Mexican students on why they burn down, not sit-in
But while the images coming out of southern Mexico stand in stark contrast to the global trend, they can be seen clearly through the prism of a specific radical tradition born in a place where the rule of law has been undermined by decades of corruption, political violence, government neglect and pervasive poverty.
The Ayotzinapa rural teachers college, where the missing students are from, has a long leftist tradition of protest and dissent, going back to the 1960s and continuing through days of the “perfect dictatorship” of the Partido Revolucionario Institucional (PRI). One of the school’s more famous alumnus, Lucio Cabanas, was a guerrilla fighter killed by the Mexican army in 1974. In recent times, student protests have tended to focus on more local concerns, such as improved living conditions at the school, where the sleeping quarters look more like cell blocks than college dorms. The disappearance of the 43 students, allegedly at the hands of the local government working in conjunction with a drug cartel, has changed the dynamic.
“This is a very militant group that has been fighting the government since the 60s or 70s, and they have long history of resistance,” said Vidal Romero, a professor at the ITAM university in Mexico City. “It’s not going to be easy at all for the government to quiet down this group, especially now because they have a claim that is shared by the whole country.”
Indeed, there have been peaceful protests throughout the country organized by other civic and student groups, including a massive march in Mexico City on Oct. 8.
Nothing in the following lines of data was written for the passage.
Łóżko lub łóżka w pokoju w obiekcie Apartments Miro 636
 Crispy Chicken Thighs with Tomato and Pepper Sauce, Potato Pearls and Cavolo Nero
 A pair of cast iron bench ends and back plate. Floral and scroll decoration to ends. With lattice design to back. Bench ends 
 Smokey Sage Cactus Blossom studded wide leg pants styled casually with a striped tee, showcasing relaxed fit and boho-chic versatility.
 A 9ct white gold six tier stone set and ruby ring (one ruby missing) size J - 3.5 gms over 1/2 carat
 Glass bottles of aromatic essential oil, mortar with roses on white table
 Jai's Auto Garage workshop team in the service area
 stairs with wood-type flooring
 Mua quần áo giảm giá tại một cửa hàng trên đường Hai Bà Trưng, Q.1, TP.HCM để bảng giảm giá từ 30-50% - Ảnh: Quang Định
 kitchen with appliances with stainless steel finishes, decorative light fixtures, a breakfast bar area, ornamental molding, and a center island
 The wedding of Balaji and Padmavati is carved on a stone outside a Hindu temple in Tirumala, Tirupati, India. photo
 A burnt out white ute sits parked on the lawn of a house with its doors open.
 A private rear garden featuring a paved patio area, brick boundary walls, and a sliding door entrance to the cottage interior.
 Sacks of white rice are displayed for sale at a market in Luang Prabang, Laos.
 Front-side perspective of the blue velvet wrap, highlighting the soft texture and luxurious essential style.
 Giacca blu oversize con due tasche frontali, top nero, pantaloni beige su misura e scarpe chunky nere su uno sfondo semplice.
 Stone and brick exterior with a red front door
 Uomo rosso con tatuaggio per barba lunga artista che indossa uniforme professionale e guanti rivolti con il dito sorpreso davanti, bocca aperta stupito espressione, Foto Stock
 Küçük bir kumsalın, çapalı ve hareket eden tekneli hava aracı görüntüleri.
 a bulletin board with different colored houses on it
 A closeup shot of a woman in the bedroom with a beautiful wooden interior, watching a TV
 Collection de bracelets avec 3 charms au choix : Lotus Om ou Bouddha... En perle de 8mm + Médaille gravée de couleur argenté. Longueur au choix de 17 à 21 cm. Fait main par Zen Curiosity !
Part of what has caused the entire country to rally around the students is what this case symbolizes: the investigation into the missing students has turned a harsh spotlight on a festering problem in Mexico, where local police are often controlled by drug gangs. For the Ayotzinapa students, they aren’t protesting against one particular group of corrupt officials, but rather against an entire corrupt system that directly attacked them.“Here we say that the government isn’t really the elected officials, it’s actually organized crime,” said Angel Nery, a student leader a the Ayotzinapa rural teachers’ college. “The government here in Guerrero is very involved with drug traffickers. There isn’t a government but a narco-government.”